From his home in Melbourne, Thomas began his artistic expedition in Alaska, sketching out a grizzly bear with a mouthful of salmon in coloured pencil. Three years later, Wild World was finished: 1,642 animal species depicted across land and seascapes in an intricate and expansive world map. Thomas had three criteria for choosing species to illustrate: they had to be wild (“No domesticated animals. No French bulldogs,” he says), as well as native and currently living.
“It’s a celebration of the nature that we still have,” says Thomas. “There is plenty of very bad news to look at about the ecology of this planet. But I want people – especially the next generation – to know that there’s still so much wilderness on this planet. There’s so much to protect.”
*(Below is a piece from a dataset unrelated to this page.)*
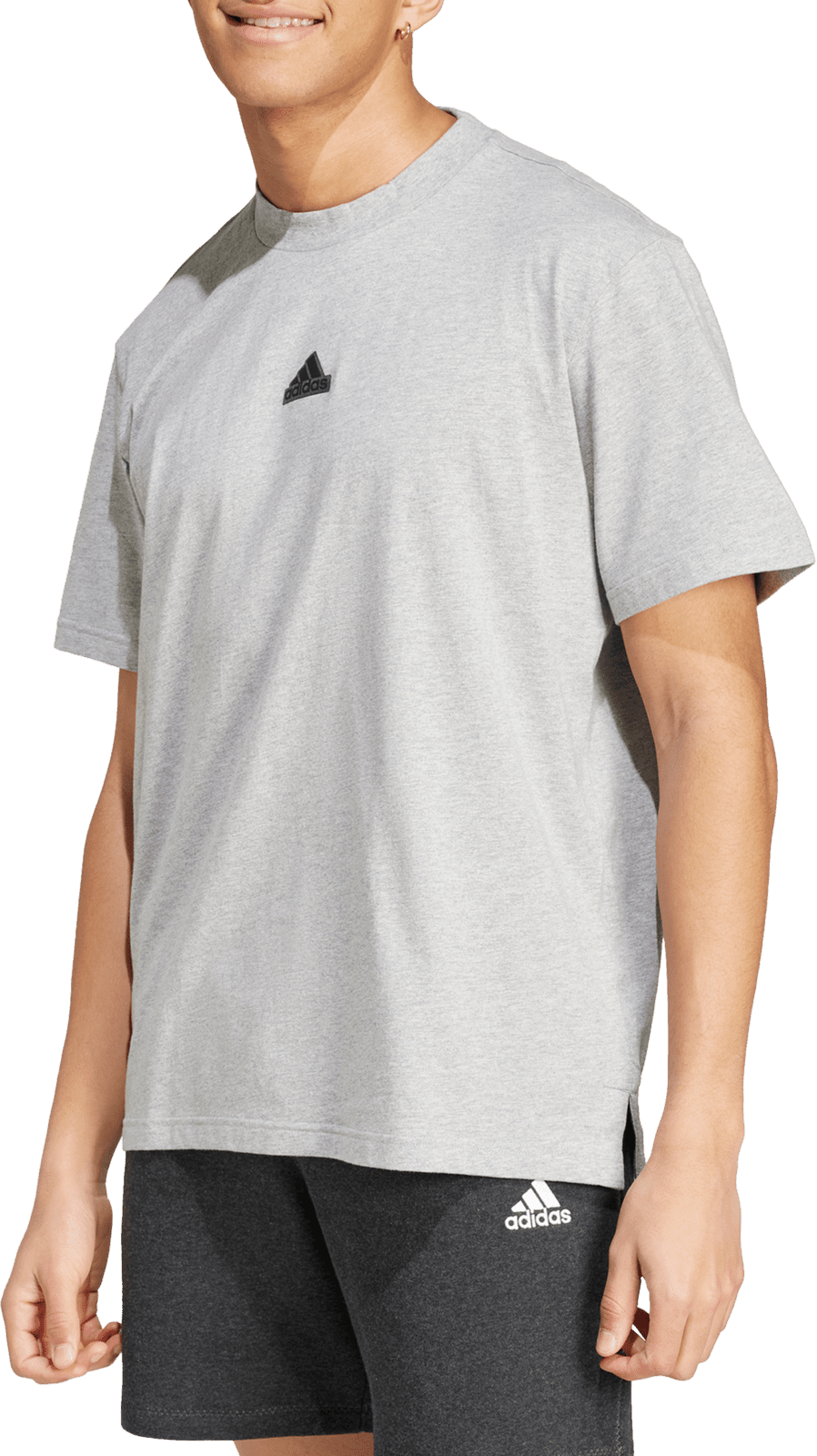 Triko adidas Sportswear Brand Love T-Shirt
In New Zealand, a tūī towers next to Mt Taranaki, a black robin perches on the Chatham Islands, and a longfin eel swims towards its breeding grounds near Tonga.
Thomas grew up in Nelson, where the nearby mountains and ocean sparked geographical curiosity. He has loved maps for as long as he can remember. “People often get excited at fantasy world maps, but maps of the real world gave me the context that I needed to understand that I was already in a fantasy world of epic proportions,” he says.
Going on the Wild World expedition allowed Thomas to discover nature in far-flung places: “surreal looking” monkeys in the Amazon, and “spooky” deep-sea fishes. “There’s one called the giant oarfish and it literally looks like a giant sea serpent,” he says. All the weird and wonderful species inhabiting the map are listed in an accompanying booklet.
The map itself foregoes political borders, roads and cities to focus on what Thomas calls the “foundational layer” of nature. “Mountains, deserts, forests, ice, ocean and millions of species – of which we are but one. It’s a map of nature, rather than nations.” Labelled geographical features make the map not just an artwork, but a resource. This is part of Thomas’ philosophy: using art to draw people in, “but it’s like a Trojan horse: nested inside is the geography lesson.”
In the age of smartphones, where an app does the work of navigating maps for us, Thomas wonders if we’re “losing our geographic foundations, our sense of place.”
“I think there’s a massive opportunity for cartographers to provide beautiful, informative, creative maps. So people can keep figuring out where they are.”